RECORDS TO USE START

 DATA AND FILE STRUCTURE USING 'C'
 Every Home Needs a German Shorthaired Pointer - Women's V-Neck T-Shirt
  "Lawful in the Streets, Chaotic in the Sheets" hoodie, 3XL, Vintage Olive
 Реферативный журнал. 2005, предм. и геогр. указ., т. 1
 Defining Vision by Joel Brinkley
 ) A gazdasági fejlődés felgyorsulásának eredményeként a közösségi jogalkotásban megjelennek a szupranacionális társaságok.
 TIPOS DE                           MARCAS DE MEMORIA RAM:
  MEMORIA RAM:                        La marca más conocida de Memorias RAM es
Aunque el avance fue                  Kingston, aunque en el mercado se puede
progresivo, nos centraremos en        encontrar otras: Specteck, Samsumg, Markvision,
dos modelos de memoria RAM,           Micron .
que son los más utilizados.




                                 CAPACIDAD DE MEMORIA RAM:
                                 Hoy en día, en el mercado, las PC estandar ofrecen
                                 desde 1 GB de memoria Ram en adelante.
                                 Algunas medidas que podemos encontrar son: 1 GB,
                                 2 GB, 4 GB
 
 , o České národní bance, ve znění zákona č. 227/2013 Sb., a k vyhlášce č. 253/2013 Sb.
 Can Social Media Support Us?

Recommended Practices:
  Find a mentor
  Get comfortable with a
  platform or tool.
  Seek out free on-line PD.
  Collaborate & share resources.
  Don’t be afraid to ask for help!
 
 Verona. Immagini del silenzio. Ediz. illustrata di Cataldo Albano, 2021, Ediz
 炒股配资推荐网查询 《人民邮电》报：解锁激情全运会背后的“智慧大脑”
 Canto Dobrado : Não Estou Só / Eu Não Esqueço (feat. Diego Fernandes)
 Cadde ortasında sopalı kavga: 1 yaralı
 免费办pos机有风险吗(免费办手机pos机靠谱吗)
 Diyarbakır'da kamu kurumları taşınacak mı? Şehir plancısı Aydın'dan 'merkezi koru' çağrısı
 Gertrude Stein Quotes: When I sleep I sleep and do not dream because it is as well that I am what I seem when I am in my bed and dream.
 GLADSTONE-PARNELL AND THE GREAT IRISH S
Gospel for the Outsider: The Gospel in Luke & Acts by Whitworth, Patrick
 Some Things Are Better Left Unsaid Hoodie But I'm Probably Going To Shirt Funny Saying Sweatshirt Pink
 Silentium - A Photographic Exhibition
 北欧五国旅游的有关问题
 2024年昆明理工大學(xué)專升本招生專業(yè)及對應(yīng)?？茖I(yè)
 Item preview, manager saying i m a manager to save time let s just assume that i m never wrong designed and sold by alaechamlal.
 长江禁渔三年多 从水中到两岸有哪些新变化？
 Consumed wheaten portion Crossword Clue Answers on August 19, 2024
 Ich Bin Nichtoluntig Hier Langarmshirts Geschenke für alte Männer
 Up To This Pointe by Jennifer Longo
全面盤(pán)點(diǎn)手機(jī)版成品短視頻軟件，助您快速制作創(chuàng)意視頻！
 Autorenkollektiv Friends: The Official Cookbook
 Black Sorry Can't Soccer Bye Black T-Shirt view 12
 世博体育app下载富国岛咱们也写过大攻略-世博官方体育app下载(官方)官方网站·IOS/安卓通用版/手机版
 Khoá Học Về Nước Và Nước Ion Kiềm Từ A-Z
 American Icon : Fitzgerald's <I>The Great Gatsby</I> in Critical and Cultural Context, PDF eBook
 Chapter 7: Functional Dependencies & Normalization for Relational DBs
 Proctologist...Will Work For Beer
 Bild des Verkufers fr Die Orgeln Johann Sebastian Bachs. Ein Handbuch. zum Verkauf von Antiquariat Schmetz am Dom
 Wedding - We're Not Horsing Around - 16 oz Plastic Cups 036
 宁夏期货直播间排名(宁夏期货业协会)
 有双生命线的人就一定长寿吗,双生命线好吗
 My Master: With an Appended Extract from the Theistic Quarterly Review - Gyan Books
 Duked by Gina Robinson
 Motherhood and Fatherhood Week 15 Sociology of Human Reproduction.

RECORDS TO USE END

TASK PROMPT ::
Print each line, starting with the one that contains "Wedding - We're" and ending with the last line of the data, exactly as it stands and with no other lines.

OUTPUT BELOW ::
 Wedding - We're Not Horsing Around - 16 oz Plastic Cups 036
 宁夏期货直播间排名(宁夏期货业协会)
 有双生命线的人就一定长寿吗,双生命线好吗
 My Master: With an Appended Extract from the Theistic Quarterly Review - Gyan Books
 Duked by Gina Robinson
 Motherhood and Fatherhood Week 15 Sociology of Human Reproduction.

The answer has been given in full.